History Theatre play 'Highwaymen' shows how a St. Paul neighborhood paid the price of progress

"The Highwaymen" details the human cost of building I-94 through a St. Paul neighborhood.

February 8, 2017 at 5:09PM
Peter Thomson, left, plays a St. Paul city planner and Kevin D. West a barber whose business is destroyed to make way for Interstate 94.
Peter Thomson, left, plays a St. Paul city planner and Kevin D. West a barber whose business is destroyed to make way for Interstate 94. (Scott Pakudaitis/The Minnesota Star Tribune)

There's a fraught, intimate scene in "The Highwaymen," Josh Wilder's new drama about the building of Interstate 94 through St. Paul's thriving Rondo neighborhood, that captures the human tension suffusing the work.

A white retired city planner, George Herrold (played with understatement by Peter Thomson), who is partly responsible for the routing of the highway, sits down for a shave in the chair of black barber Timothy Howard (Kevin D. West, bridling but dignified).

George has come to say farewell to Tim, who actively opposed the highway as destructive to his neighborhood — and to him, personally. George is Tim's last customer before his business is demolished. When George leans his head back for the shave and Tim raises his razor, we're not sure what will happen. It could be Sweeney Todd all over again.

"Highwaymen," playing at the History Theatre in St. Paul through Feb. 26, dramatizes a scenario that played out in metropolises across the nation as a result of the Federal Aid Highway Act of 1956. The interstate highway system it created meant progress for the nation, but at a great cost to urban black communities that were split in two by superhighways.

Wilder's 100-minute one-act play is a requiem for the homes, institutions and gathering places upended by the construction. It also is a valentine to the bifurcated neighborhood, offering Rondo as whole and wholesome.

Director Jamil Jude's smart production takes place on Wrara Plesoiu's evocative turntable set, which represents three locales. There's a small home, a City Hall planning room and the barbershop where the men — it's all men deciding the future in this play — conduct their separate and unequal business.

The play is populated by genuine historical figures who live in racially isolated worlds, including city planner Herrold, city engineer George Shepard (James Detmar) and deputy commissioner of highways Frank Marzitelli (E.J. Subkoviak) on the white side, and the Rev. Floyd Massey (Rex Isom Jr.) and C.J., a trash collector (Darrick Mosley), on the black side.

These actors do yeoman's work.

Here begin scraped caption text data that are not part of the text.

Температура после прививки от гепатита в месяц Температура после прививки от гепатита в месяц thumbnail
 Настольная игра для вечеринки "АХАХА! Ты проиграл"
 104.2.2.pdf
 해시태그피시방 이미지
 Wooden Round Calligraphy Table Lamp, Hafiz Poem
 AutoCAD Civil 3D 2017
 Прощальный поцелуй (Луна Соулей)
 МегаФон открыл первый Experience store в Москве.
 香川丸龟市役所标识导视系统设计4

Subkoviak's Marzitelli is cold and sneering — a could-care-less kind of guy. Detmar's Shepard is not as disdainful but he's also cool. Thomson's Herrold is sympathetic and understanding, perhaps softened by age.

West invests the barber with depth. Facing the loss of his business and relationships within the neighborhood, this is not a character who suffers fools. Isom, likewise, brings a stately dignity to his role as a community leader caught between his congregation's wishes and the authorities he feels he must placate. Mosley, an edgy young actor, invests C.J. with a barely tamped-down fire.

"Highwaymen" successfully escapes the stiltedness that sometimes dooms history-based work. The dialogue is contemporary and sometimes cutting.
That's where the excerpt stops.